Das dünnste Buch, das ich in den letzten Monaten gelesen habe, war Die Rosenbaum-Doktrin und andere Texte, ein kleiner Erzählband von Wolfgang Herrndorf (ca. 60 Seiten), aus dem ich an dieser Stelle bereits zitiert hatte. Das dickste war eindeutig ES von Stephen King (1.500 Seiten), das ich mir aus einer Laune heraus kaufte, da mir der Trailer zur Neuverfilmung so gut gefiel und ich zuvor tatsächlich noch nie etwas von King gelesen hatte. Und seinen Launen sollte man unbedingt immer, zumindest so oft wie möglich, nachgeben, denn sie sind es, die uns erst interessant machen.
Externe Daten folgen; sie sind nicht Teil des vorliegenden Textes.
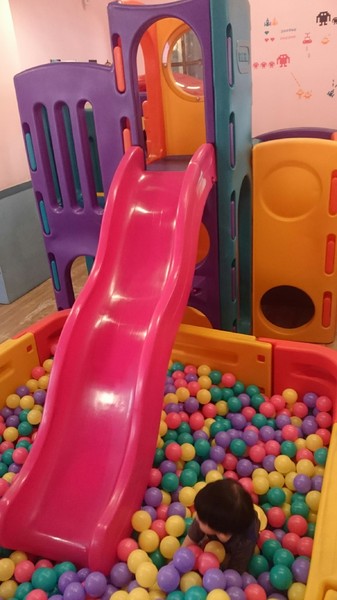 瑪莉桃桃親子餐廳(原Baby Coffee 瑪莉桃桃):高雄~瑪莉桃桃親子餐廳~可愛的胡桃鉗娃娃~車車造型兒童餐~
Wird der Umfang eines Buches eigentlich besser durch seine physische „Dicke“ beschrieben oder durch seine inhaltliche „Länge“? Die Dicke des gedruckten Buches wird vor allem durch das Material und die Typografie bestimmt, die Länge durch die Disziplin des Autors. Letztere ist leider eine seltene Gabe. Während ich mich noch immer durch Die Brüder Karamasow quäle (derzeit auf Seite 450 von 1.200), fällt mir wieder einmal auf, wie wenige Schriftsteller es doch fertigbringen, sich im Sinne des Lesers zu disziplinieren. Dostojewski zersetzt z. B. noch die kleinste Alltagsszene seiner Protagonisten mit endlosen Monologen über Religion und Moral, während die ermüdende Ausführlichkeit, mit der sich Stephen King immer wieder der Beschreibung von Abwasseranlagen widmet, eine Übung in literarischer Folter darstellt. Beide Autoren bringen mit ihrer epischen Laberitis die Dynamik ihrer Werke kein Stückchen voran, waren aber offenbar zu besoffen von der eigenen Schreibe, um dies zu bemerken. Grundsätzlich habe ich übrigens überhaupt kein Problem mit der Kunst des exzessiven Erzählens, solange man sie nur beherrscht. Eines meiner Lieblingsbücher ist American Psycho, bekanntermaßen eine monotone Aufzähl-Orgie, bei der der Leser immer zwischen Brechreiz und Wachkoma schwankt. Nur ist es hier eben – und das kann ich gar nicht ausdrücklich genug betonen – genau diese Erzähltechnik, und nicht das Erzählte selbst, die das Buch so außerordentlich gut und daher auch unverfilmbar macht. Dass es trotzdem verfilmt wurde (ja, sie haben sogar ein Musical daraus gemacht), gehört zur kulturellen Barbarei unserer Zeit, auf die ich hier jetzt nicht genauer eingehen möchte. Zum Thema Literaturverfilmung fällt mir aber noch ein, dass die Rolle des Aljoscha Karamasow einst von niemand anderem als William Shatner gespielt wurde, lange bevor er zum Captain des Raumschiffs Enterprise befördert wurde. Ich hoffe nun also wenigstens auf Karamasow – The Musical, gerne mit ein paar hübschen Science-Fiction-Elementen, das macht die Länge des Schinkens vielleicht erträglicher.